@Walrus 🦭/acc has reached a new stage of growth as it builds links with many partners that use its decentralized storage and data layers. The network started on one blockchain but now serves a variety of web3 use cases and creative apps that need permanent and verifiable storage. The project is gaining trust from teams that want to serve real users and handle media at scale.
The rise of partnerships began when Chainbase chose Walrus to house a large dataset of raw blockchain information. Chainbase will store hundreds of terabytes of data on Walrus while feeding verified information into apps that need proven and safe access. The integration helps Web3 developers build more efficient and secure systems because the data is available to them through a decentralized layer that they can trust. This is one of the first big moves that showed how Walrus can support infrastructure projects that go beyond simple file storage.

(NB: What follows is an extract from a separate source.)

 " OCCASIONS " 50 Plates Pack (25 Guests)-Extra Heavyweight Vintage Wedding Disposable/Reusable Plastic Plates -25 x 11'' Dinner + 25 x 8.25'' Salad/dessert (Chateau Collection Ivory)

Another important collaboration came from Pudgy Penguins a well known creative brand that works with digital art and media. Pudgy Penguins began storing its GIFs stickers and other files on Walrus via a friendly integration interface. This means fans and community builders can enjoy content that stays accessible even if central servers shut down or change access policies. The move to decentralized media storage gave a clear signal that Walrus can serve entertainment and creative worlds that care about content permanence and reach.

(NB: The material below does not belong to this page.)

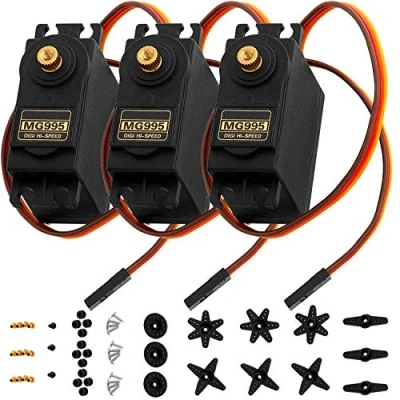 Bild av AZDelivery 3 x MG995 Micro Digital Servomotor för RC helikopterflygplan kompatibel med Arduino och Raspberry Pi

Prediction market Myriad also chose Walrus as its data backbone. The Myriad team is building a platform where markets and forecasts stay on chain with complete proofs of their history. By using Walrus for media storage Myriad ensures that every part of its market content is stored permanently and can be verified by anyone at any time. This type of use shows how Walrus plays a role not just in storage but in systems that demand open records and clear audit trails.
Another point of growth for Walrus comes through partnerships that boost performance and access. For example Pipe Network will layer its worldwide nodes on top of Walrus storage so that data can move faster and closer to users everywhere. This speeds up retrieval and keeps latency low even when files are large. The move taps into a global infrastructure that supports high volume and real time access.

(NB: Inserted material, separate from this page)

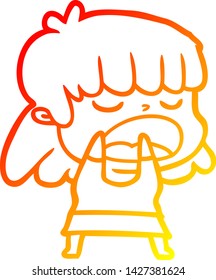 dibujo de línea de gradiente cálido de una mujer caricaturista hablando fuerte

Partnerships with edge computing providers like Veea Inc also extend how Walrus can serve data heavy and mission critical apps. Veea offers high speed network nodes that can work with Walrus storage to serve media and tools that need low latency delivery. Combining these two systems gives developers a path to build apps that feel fast and responsive while still holding media permanently on a decentralized system.
These collaborations show that many teams see Walrus not just as storage tech but as a base layer for new tools and apps with real users. Market builders creative platforms AI systems and data heavy apps now choose Walrus because it brings permanence security and wide access together in one place. When a protocol supports so many different modes of use it grows beyond a single idea into an ecosystem of shared value.
Looking ahead Walrus will likely attract more teams that want to build media rich decentralized apps and tools that scale. As the network grows it will serve more data workflows and help expand the reach of web3 services to everyday users. The promise of decentralized storage is finally becoming real for many builders outside the early core community.